- TASK REQUIREMENTS
Write out exactly, excluding pictures, the lines from the one containing "RAGEBLUE | センタープレス/裏起毛PEツイルテーパードスラックス/216175(スラックス)" through the end of the data, both included.

- AVAILABLE RECORDS
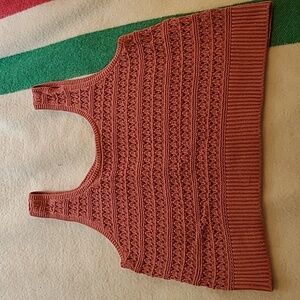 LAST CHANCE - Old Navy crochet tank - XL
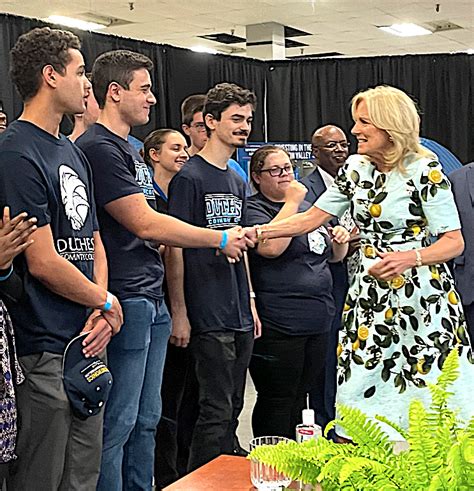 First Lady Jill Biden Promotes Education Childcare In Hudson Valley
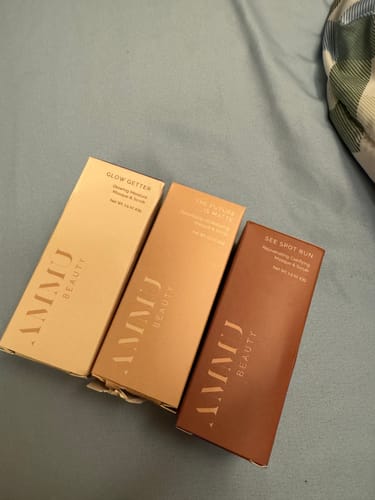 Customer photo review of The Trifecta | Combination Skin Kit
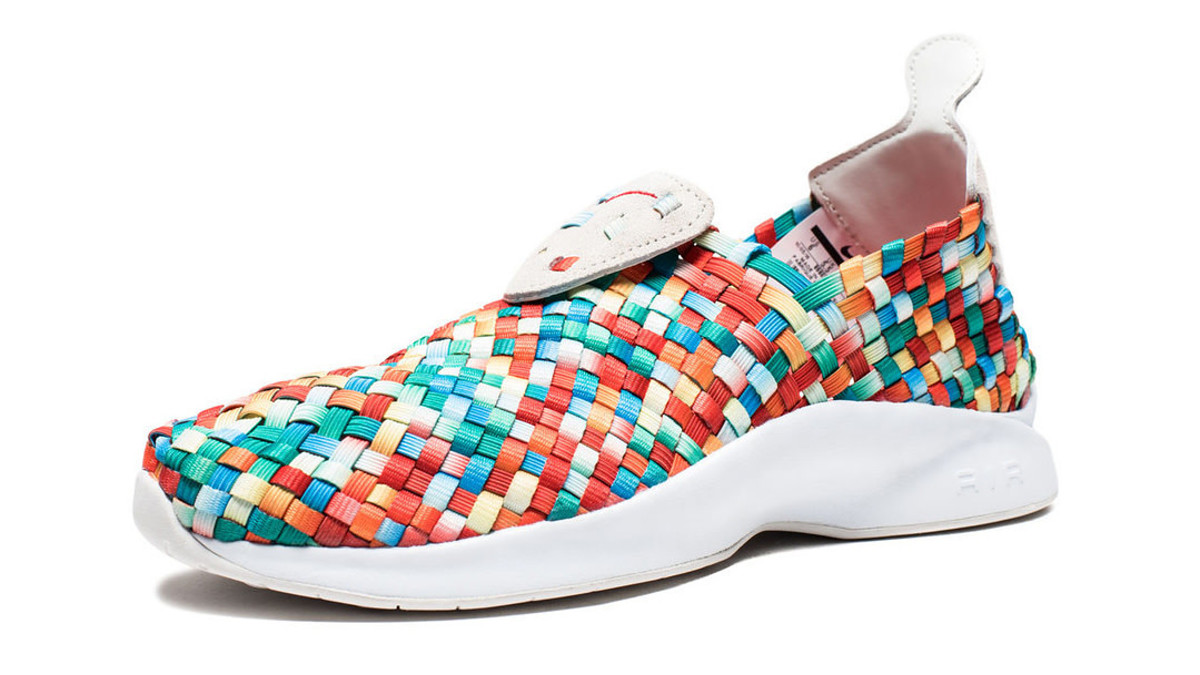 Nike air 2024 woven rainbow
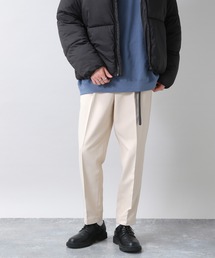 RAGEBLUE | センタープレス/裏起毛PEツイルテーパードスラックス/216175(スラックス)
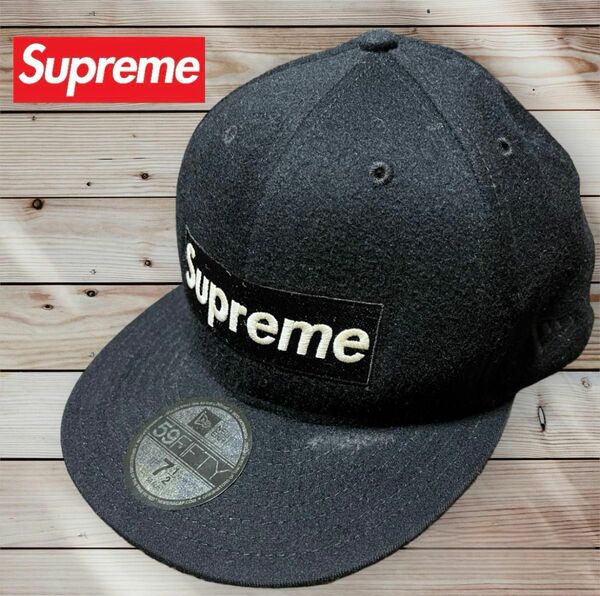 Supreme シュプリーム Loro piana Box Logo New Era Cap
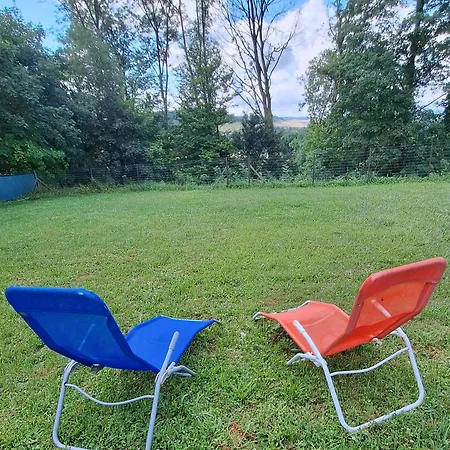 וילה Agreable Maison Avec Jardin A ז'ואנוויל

- PROBLEM SOLUTION
 RAGEBLUE | センタープレス/裏起毛PEツイルテーパードスラックス/216175(スラックス)
 Supreme シュプリーム Loro piana Box Logo New Era Cap
 וילה Agreable Maison Avec Jardin A ז'ואנוויל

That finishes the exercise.